Baisho Chieko will receive the Golden Mulberry Award for Lifetime Achievement!

24/03/2023

The famous Japanese actress will be presenting Plan 75, in which she stars, in Udine, together with two cult titles: the first Tora-san film and Where Spring Comes Late.
Plan 75, Mention Spéciale at Cannes, will be released in Italian cinemas on 11 May under the Tucker Film banner.

 

Her filmography is a mile long. Her discography numbers hit after hit. Miyazaki, a great admirer, secretly modelled Sophie Hatter, the main character of Howl's Moving Castle, on her… After Takeshi Kitano, 2022's winner, this year's Far East Film Festival Golden Mulberry Award for Lifetime Achievement will go to Baisho Chieko! The famous Japanese actress and singer will be bringing to FEFF 25 her latest film, Hayakawa Chie's Plan 75, and two films that she has personally selected for the Udine audiences: the very first Tora-san film and Where Spring Comes late.

 

“When I learned that I'd been invited to the Far East Film Festival in Udine and that I would be receiving an award,” says Baisho Chieko, “I said to myself, 'Really? For Plan 75?'. But instead… What a surprise! The Golden Mulberry Award for Lifetime Achievement celebrates all the work I've done since I entered the world of cinema! I'm really happy that my work as an actress is also appreciated abroad: films are a wonderful thing… I want to sincerely thank all the FEFF staff and, of course, I promise that I'll continue to act with passion and dedication…”

 

Born in 1941, Baisho Chieko is very famous for having played the role of Sakura in dozens of Tora-san films between 1969 and 1995: beloved cult movies that were the result of a long-lasting artistic partnership with director Yamada Yoji.
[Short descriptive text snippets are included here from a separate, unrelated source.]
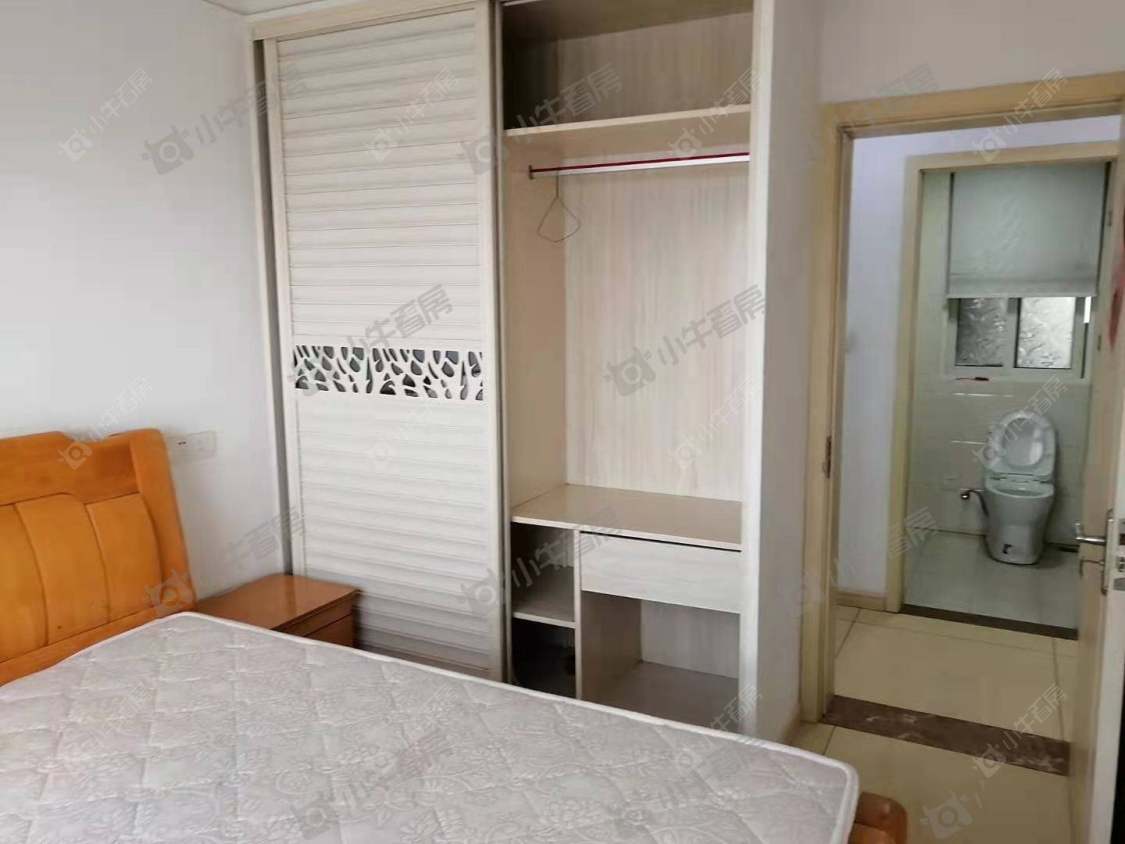 天润国际花园房源 常州天润国际花园在租房源_小牛看房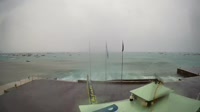 Positano - Przystań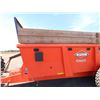 Image 9 : Kuhn ProSpread PS260T Vertical Apron Box Spreader Trailer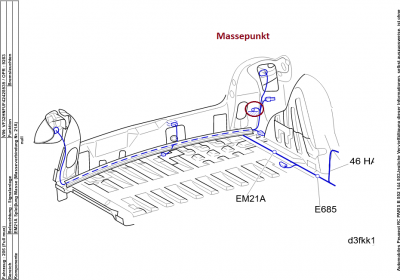 1.png (104.28 KiB) 4552 mal betrachtet 1.png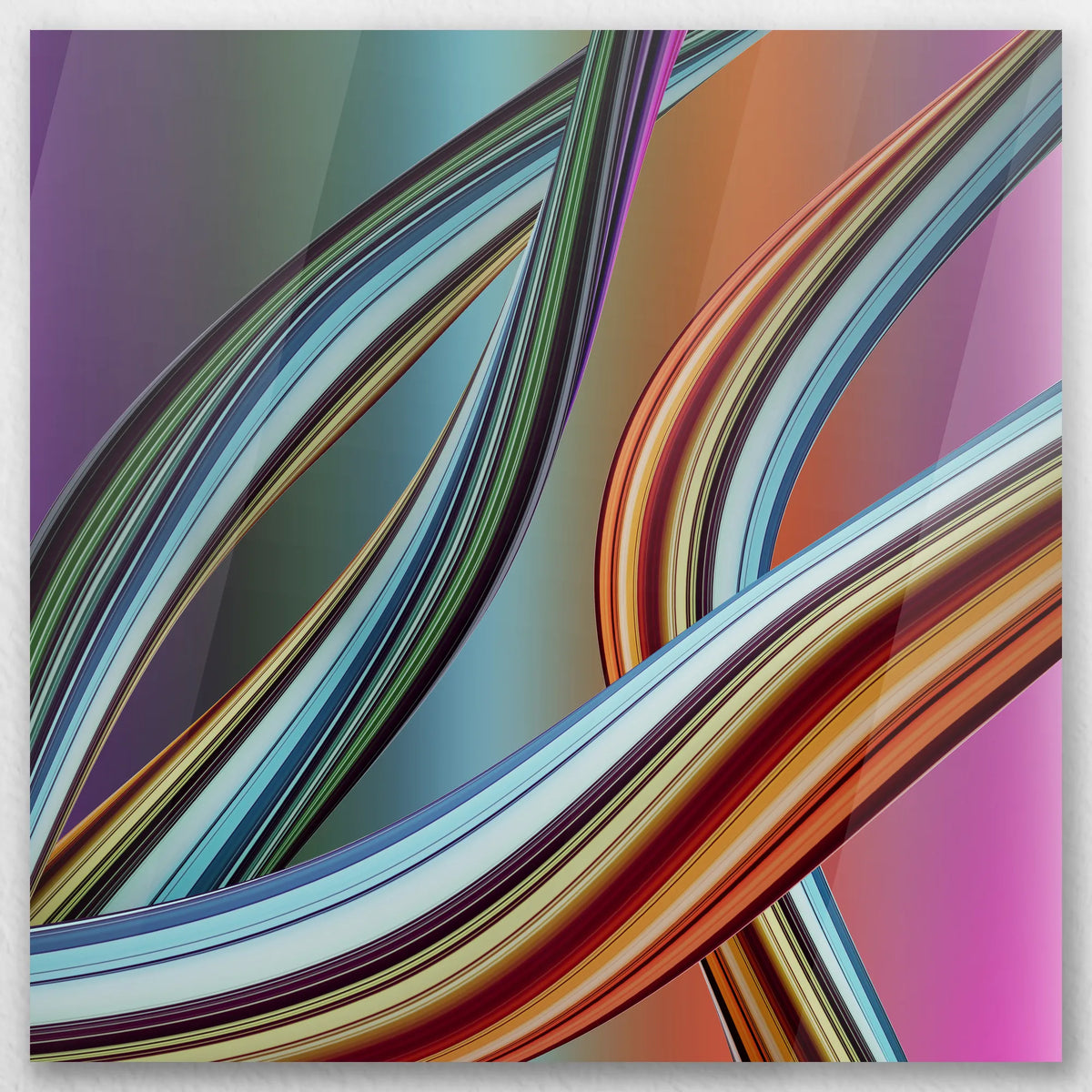 AC-060W060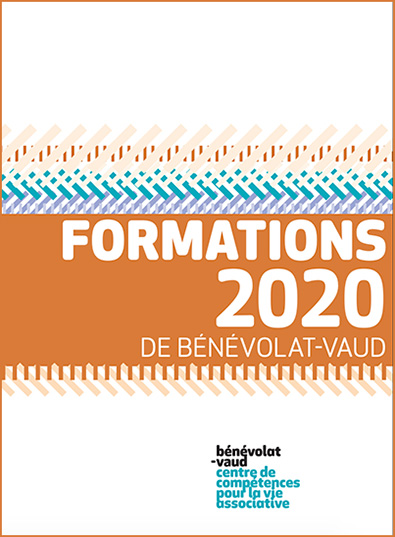 catalogue benevolatvaud 2018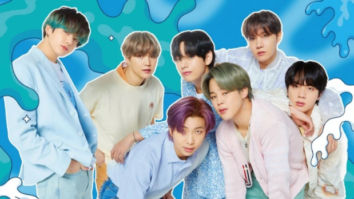 BTS, Coldplay, Miley Cyrus, Khalid among others to headline iHeartRadio Music Festival 2020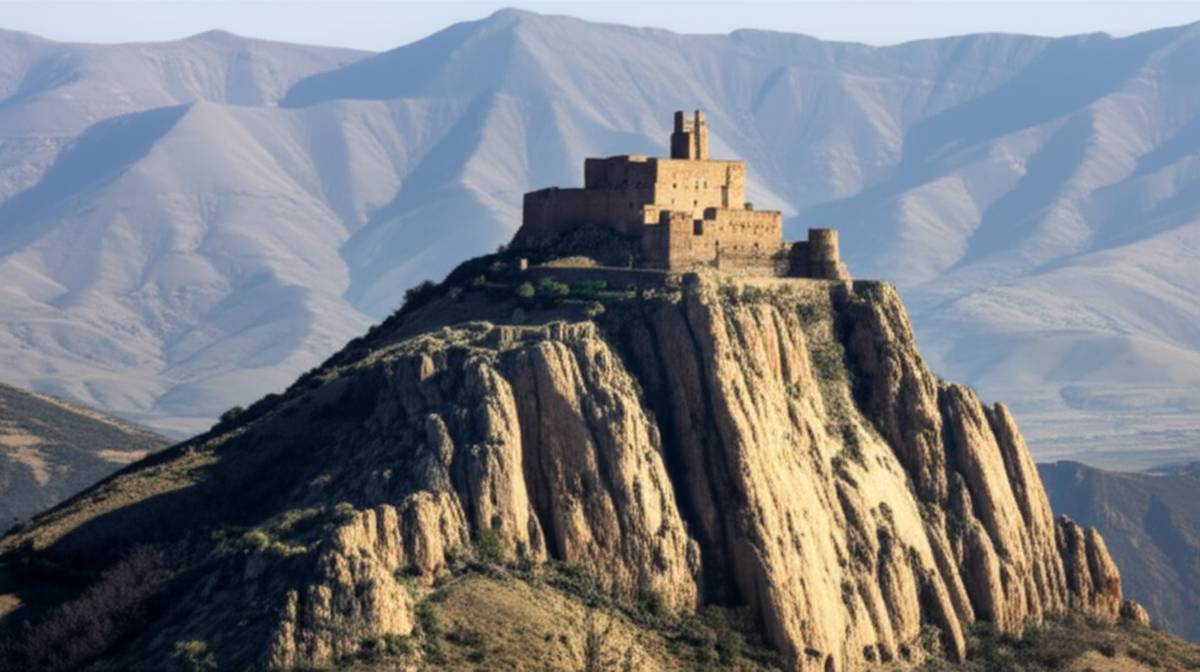 گردشگری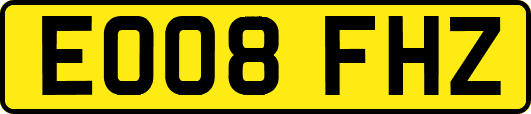 EO08FHZ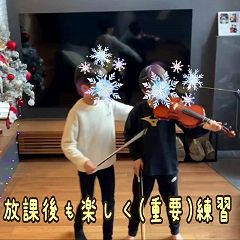 63位のイメージ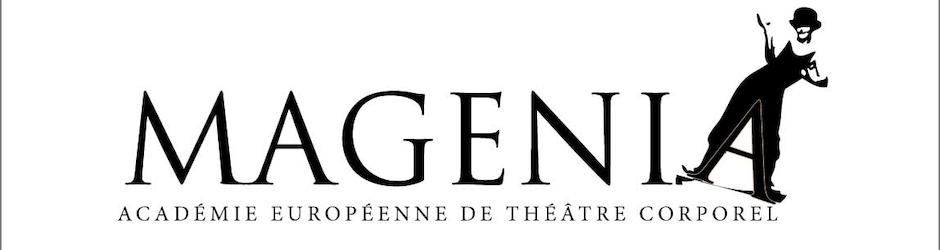 ELLA JAROSZEWICZ (école Henryk Tomaszewski)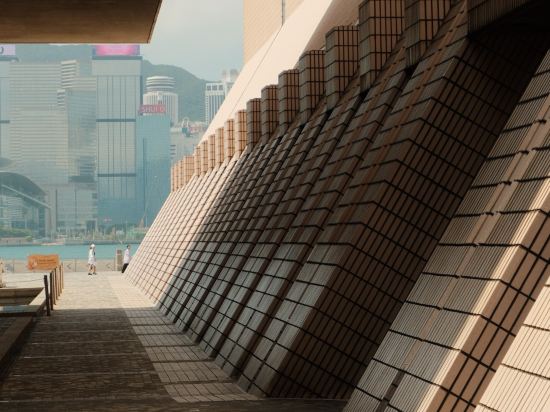 香港珍珠賓館優惠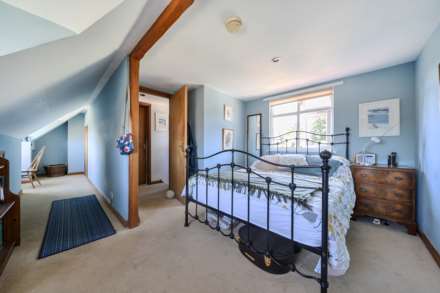 Hillside, Colyton, Devon, Image 12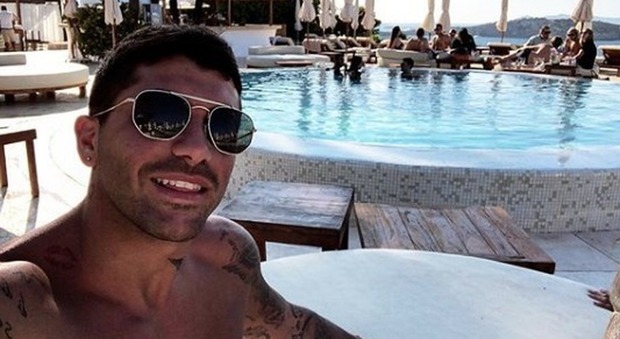 Temptation Island, l'ex concorrente Alessio Bruno condannato per spaccio: «La mia fidanzata guadagnava più di me»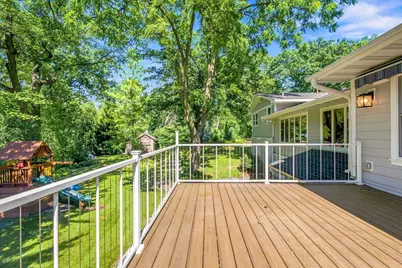 111 Teresa Drive, West Saint Paul, MN 55118 - Photo 48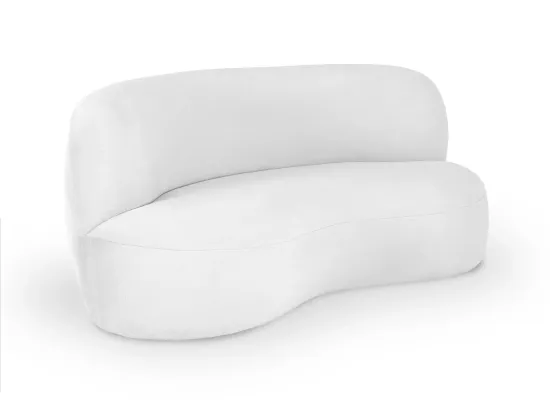 Диван Patti 1900 853228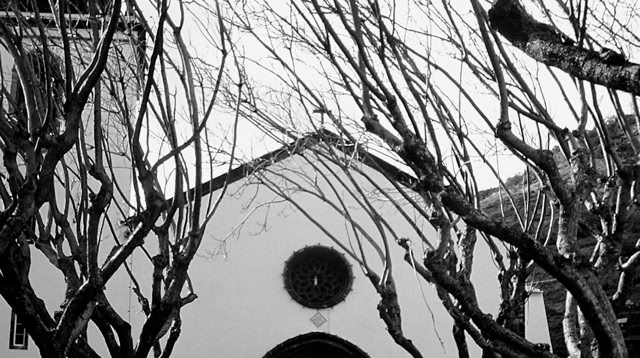 Machico. Madeira 1989. Global Studies: Culture/Nature. Photo: A.A.Bispo©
In 1980 she was awarded Best Actress at the Hōchi Film Awards for Haruka naru yama no yobigoe (A Distant Cry of Spring), also directed by Yamada Yoji, and as a very busy voice actress she has often lent her talents to the world of animation, in films like Gundam, Kimba The White Lion and, as we've already mentioned, Howl's Moving Castle.

 

Plan 75, presented at the 75th Cannes Film Festival (Caméra d'Or Mention Spéciale) and at the 40th Turin Film Festival, is the powerful debut film of Japanese director Hayakawa Chie and will be released in Italian cinemas on 11 May with distribution by Tucker Film. A project that, as some of you may remember, the director discussed at the industry sessions of Focus Asia of the 2019 FEFF (as well as presenting the collective film Ten Years Japan).
Japan, tomorrow. A government program, Plan 75, aims to stem what has now become a national emergency: the ageing of the population. On the one hand are the public costs of welfare. On the other, the possibility for the elderly to resort to state euthanasia in exchange for logistical and financial support. Living or dying is no longer an ethical dilemma: it's a matter of bureaucracy. All you need to be is 75 years old…

 

Following Michi, an old woman who is just trying to get by, Hiromu, a programme salesman, and Maria, a Filipino nurse, Hayakawa Chie gracefully and naturally orchestrates a rigorous social drama where dystopia, realism, moral inquiry and civil reflection converge. Plan 75 sees the eternal talent of Baisho Chieko sparkle in the role of Michi: symbol of an old Japan trying to resist the shocks of time and of modernity.